Top of SOURCE MATERIAL

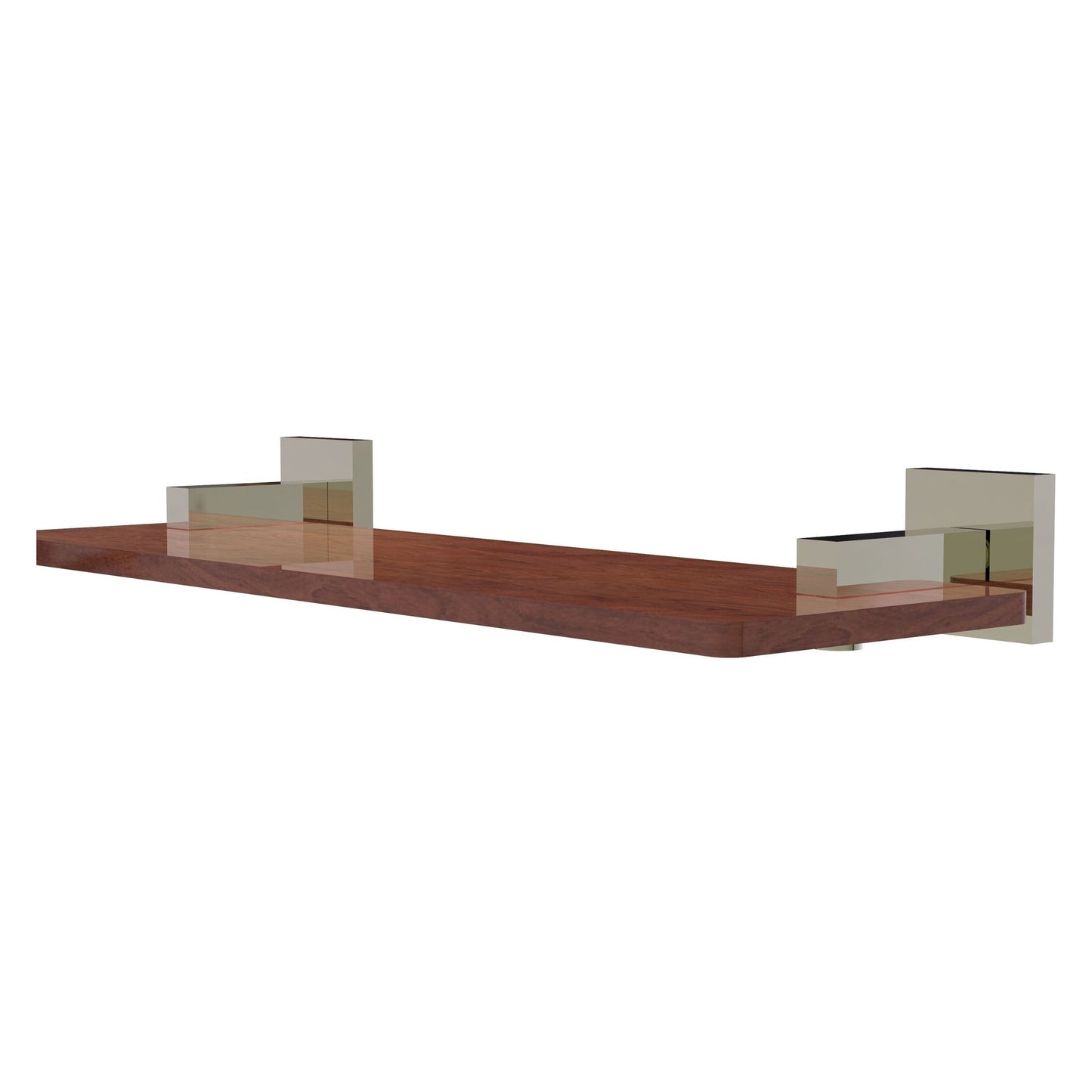 Allied Brass Montero 16" x 5" Polished Nickel Solid Brass Solid IPE Ironwood Shelf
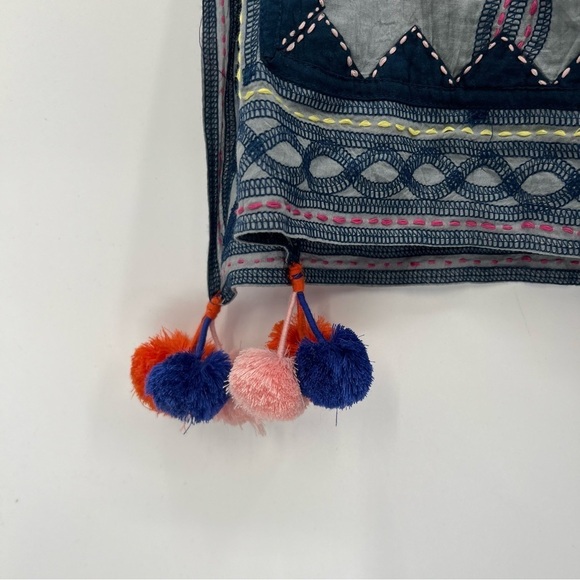 Vrisa Hand Made in India Cotton Embroidered Scarfs Dupatta Lot of 2 - Picture 5 of 10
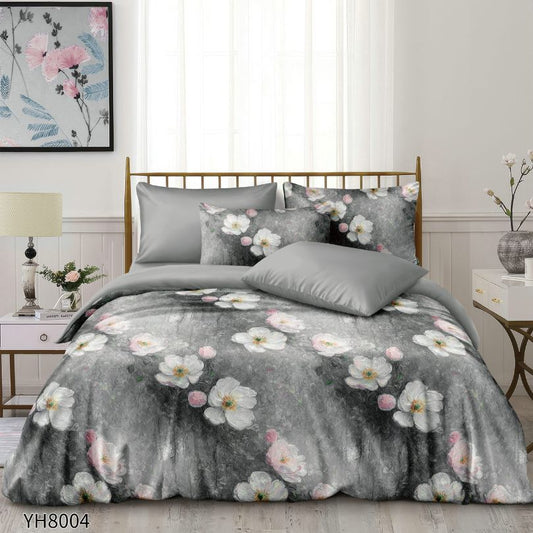 Lenjerie de pat dublu, Satin Extra Fin, cu elastic, 4 piese, 100% bumbac | 0319-PV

Bottom of SOURCE MATERIAL

§ **WORK INSTRUCTIONS**
Everything in the data except the pictures should be restated word for word.

§ **EXPECTED OUTPUT**
 Allied Brass Montero 16" x 5" Polished Nickel Solid Brass Solid IPE Ironwood Shelf
 Vrisa Hand Made in India Cotton Embroidered Scarfs Dupatta Lot of 2 - Picture 5 of 10
 Lenjerie de pat dublu, Satin Extra Fin, cu elastic, 4 piese, 100% bumbac | 0319-PV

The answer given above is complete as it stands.